L’esercito israeliano aveva già attaccato nei giorni scorsi la Siria, colpendo la città di Aleppo con annesso bilancio di morti elevato.

La replica di Teheran

A seguito delle bombe a Damasco, la replica dell’Iran è stata durissimo “Prendere di mira il consolato iraniano è una violazione delle norme internazionali e Israele dovrà sopportarne le ripercussioni”, ha affermato il ministro degli Esteri iraniano Hossein Amirabdollahian. “La comunità internazionale deve prendere una posizione ferma contro tali atti criminali”.

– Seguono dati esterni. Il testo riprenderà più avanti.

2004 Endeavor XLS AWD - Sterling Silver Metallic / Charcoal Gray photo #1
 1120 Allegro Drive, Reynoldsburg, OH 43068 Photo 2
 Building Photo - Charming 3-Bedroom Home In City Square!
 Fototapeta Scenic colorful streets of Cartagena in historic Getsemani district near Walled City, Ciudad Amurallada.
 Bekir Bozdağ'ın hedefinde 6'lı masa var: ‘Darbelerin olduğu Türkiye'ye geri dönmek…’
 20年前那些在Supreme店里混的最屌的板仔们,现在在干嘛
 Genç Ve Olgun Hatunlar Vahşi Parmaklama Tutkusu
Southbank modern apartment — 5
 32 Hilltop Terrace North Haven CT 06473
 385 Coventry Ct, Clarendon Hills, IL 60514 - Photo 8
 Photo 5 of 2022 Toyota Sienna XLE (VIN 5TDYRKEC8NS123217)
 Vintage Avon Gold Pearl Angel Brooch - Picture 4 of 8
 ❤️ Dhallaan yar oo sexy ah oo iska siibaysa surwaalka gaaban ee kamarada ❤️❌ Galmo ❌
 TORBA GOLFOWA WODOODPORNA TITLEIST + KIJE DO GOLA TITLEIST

Non solo. Teheran, per voce dell’ambasciatore iraniano a Damasco, Hossein Akbari, ha affermato che “la risposta di Teheran sarà dura” dopo il bombardamento attribuito a Israele. L’uomo avrebbe anche aggiunto che “dopo aver rimosso le macerie del palazzo distrutto dal raid sarà reso noto il numero esatto delle vittime”.

Al momento resta da capire quale potrà essere l’effettiva risposta iraniana. Stando a quanto spiegato da Repubblica sembra difficile che l’Iran possa permettersi di bombardare in modo diretto bersagli di Israele perché darebbe il via a un’escalation importante.

Più plausibile, invece, che Teheran possa optare per azioni di rappresaglia.